Multi-Objective Optimization

Latency vs. Accuracy

From the benchmark visualizations (engine.py:512-525):
plt.scatter(
    experiment_df['preprocessing_latency_s'],
    experiment_df['model_accuracy_r2'],
    c=experiment_df['compute_limit'],
    cmap='viridis',
)
plt.xlabel('Preprocessing latency (s)')
plt.ylabel('Model accuracy (R²)')
plt.title('Latency vs Accuracy')
Trade-offs:
  • Smaller chunks → faster iteration but potential accuracy loss
  • Larger chunks → better feature context but higher latency
Finding optimal point:
from pipeline.config import PipelineConfig
from pipeline.streaming.engine import RealTimePipelineRunner

results = []
for chunk_size in [32, 64, 128, 256]:
    config = PipelineConfig(chunk_size=chunk_size)
    runner = RealTimePipelineRunner(config)
    r = runner.run_streaming(data, chunk_size=chunk_size)
    results.append({
        'chunk_size': chunk_size,
        'latency': r['latency_s'],
        'r2': r['model']['r2']
    })

import pandas as pd
df = pd.DataFrame(results)
print(df)

Memory vs.

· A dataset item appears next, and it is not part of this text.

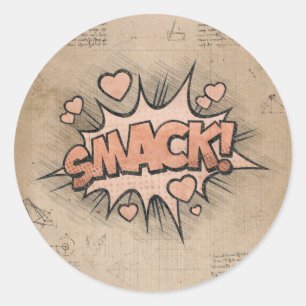 Sticker Rond SMACK ! Vintage Comic Book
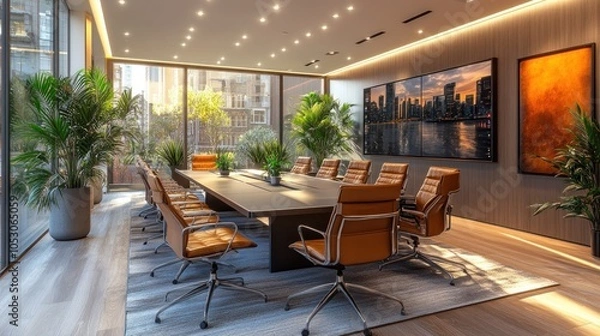 Fototapeta Modern conference room with large table and city view.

Accuracy

From the benchmark visualizations (engine.py:527-540):
plt.scatter(
    experiment_df['peak_memory_mb'],
    experiment_df['model_accuracy_r2'],
    c=experiment_df['memory_limit_mb'],
    cmap='plasma',
)
plt.xlabel('Peak memory (MB)')
plt.ylabel('Model accuracy (R²)')
Trade-offs:
  • Lower memory limits require smaller chunks
  • May reduce model quality for streaming models
  • Batch models maintain accuracy but can’t run
Strategy: Use the constraint experiment to find the Pareto frontier.

Tuning Workflow

Step 1: Establish Baseline

python run_pipeline.py \
  --input ../data/nba2k-full.csv \
  --output-dir baseline \
  --benchmark-runs 3

Step 2: Identify Bottleneck

import pandas as pd

profile = pd.read_csv('baseline/profiles/operator_profile.csv')
means = profile[['preprocess_s', 'feature_engineering_s', 
                  'feature_selection_s', 'encode_scale_s']].mean()
print("Bottleneck:", means.idxmax())

Step 3: Apply Targeted Optimization

Based on bottleneck:
  • preprocess_s: Reduce chunk size or optimize cleaning logic
  • feature_engineering_s: Simplify features or increase parallelism
  • feature_selection_s: Reduce correlation threshold
  • encode_scale_s: Reduce chunk size (cache pressure)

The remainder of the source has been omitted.